Task description:
Lines from the listing below that contain the string "with" are to be reported.

Input data:
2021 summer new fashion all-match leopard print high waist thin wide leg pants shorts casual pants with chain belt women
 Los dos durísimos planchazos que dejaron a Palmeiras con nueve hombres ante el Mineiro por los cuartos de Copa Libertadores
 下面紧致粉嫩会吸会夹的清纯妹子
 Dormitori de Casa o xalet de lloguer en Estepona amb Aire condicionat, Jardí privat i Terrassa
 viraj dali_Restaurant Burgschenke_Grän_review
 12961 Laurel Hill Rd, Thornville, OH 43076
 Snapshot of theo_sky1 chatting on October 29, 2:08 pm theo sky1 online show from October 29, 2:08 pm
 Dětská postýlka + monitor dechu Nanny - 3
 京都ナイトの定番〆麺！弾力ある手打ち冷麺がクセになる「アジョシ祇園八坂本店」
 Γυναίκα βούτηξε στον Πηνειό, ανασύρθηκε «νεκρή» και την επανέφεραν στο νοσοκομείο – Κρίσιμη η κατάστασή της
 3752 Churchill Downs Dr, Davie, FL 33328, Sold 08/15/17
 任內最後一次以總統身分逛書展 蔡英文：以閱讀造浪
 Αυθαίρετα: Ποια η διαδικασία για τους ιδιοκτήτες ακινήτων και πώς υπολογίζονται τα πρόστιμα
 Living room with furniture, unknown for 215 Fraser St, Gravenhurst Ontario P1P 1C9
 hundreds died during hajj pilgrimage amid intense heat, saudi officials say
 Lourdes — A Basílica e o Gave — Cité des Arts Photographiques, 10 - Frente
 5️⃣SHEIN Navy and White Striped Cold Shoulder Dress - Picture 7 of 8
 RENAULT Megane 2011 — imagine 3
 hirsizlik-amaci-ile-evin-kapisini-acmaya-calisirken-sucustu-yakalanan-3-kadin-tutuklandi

Exercise output:
2021 summer new fashion all-match leopard print high waist thin wide leg pants shorts casual pants with chain belt women
 Living room with furniture, unknown for 215 Fraser St, Gravenhurst Ontario P1P 1C9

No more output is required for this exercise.